Work instruction
Below is a listing to copy exactly; no image goes into the copy.

Dataset extract

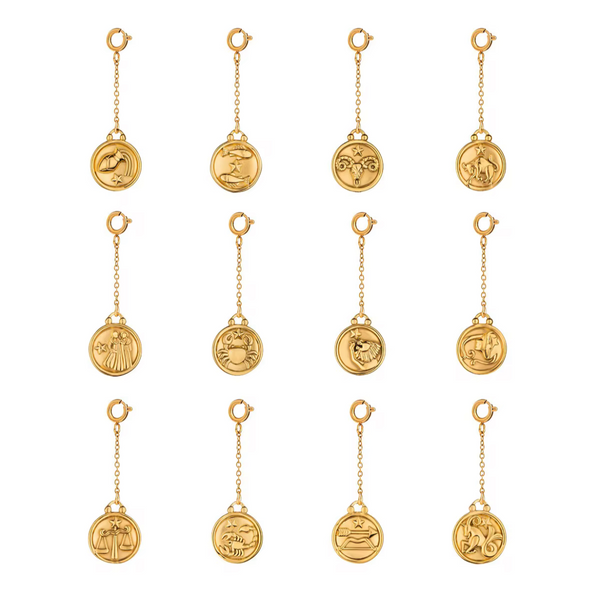 Cosmic Energy - Constellation Bikini Charms - Made for the Water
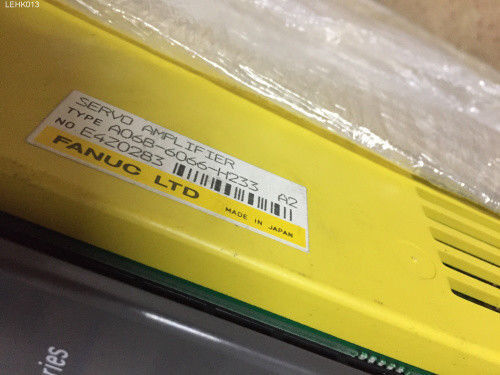 USED A06B-6066-H223 - KOEED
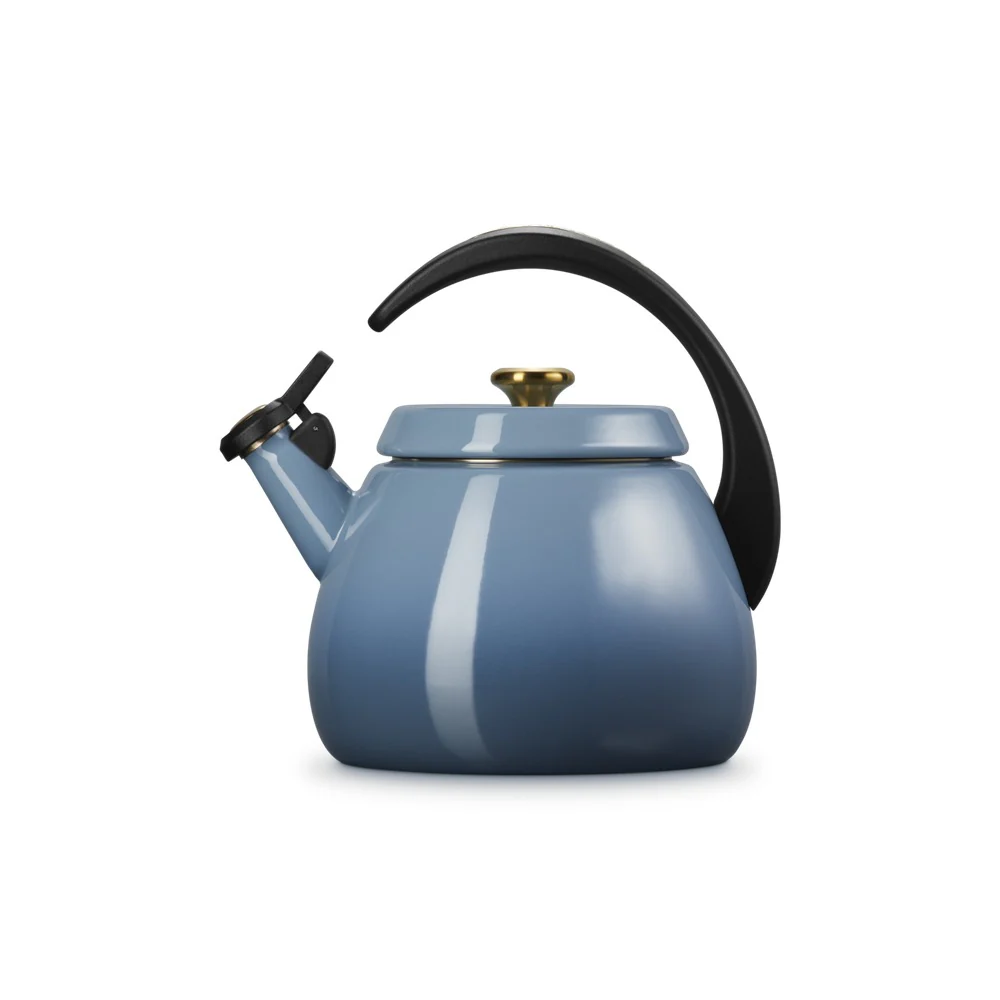 2.1 Lt - Cloche Bollitore In Acciaio Al Carbonio - Image 19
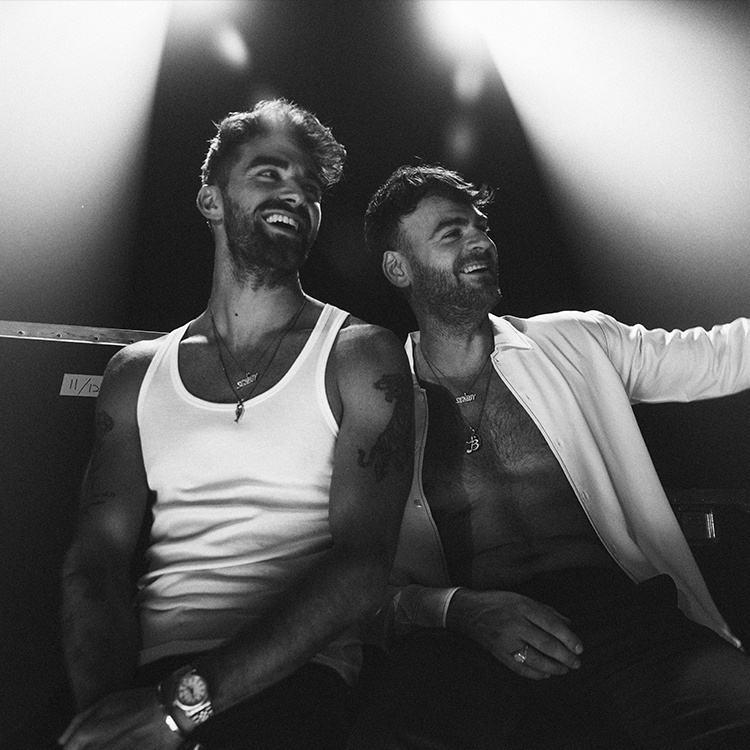 The Chainsmokers Make Their Return On New Single, ‘High’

Written response
 Cosmic Energy - Constellation Bikini Charms - Made for the Water
 USED A06B-6066-H223 - KOEED
 2.1 Lt - Cloche Bollitore In Acciaio Al Carbonio - Image 19
 The Chainsmokers Make Their Return On New Single, ‘High’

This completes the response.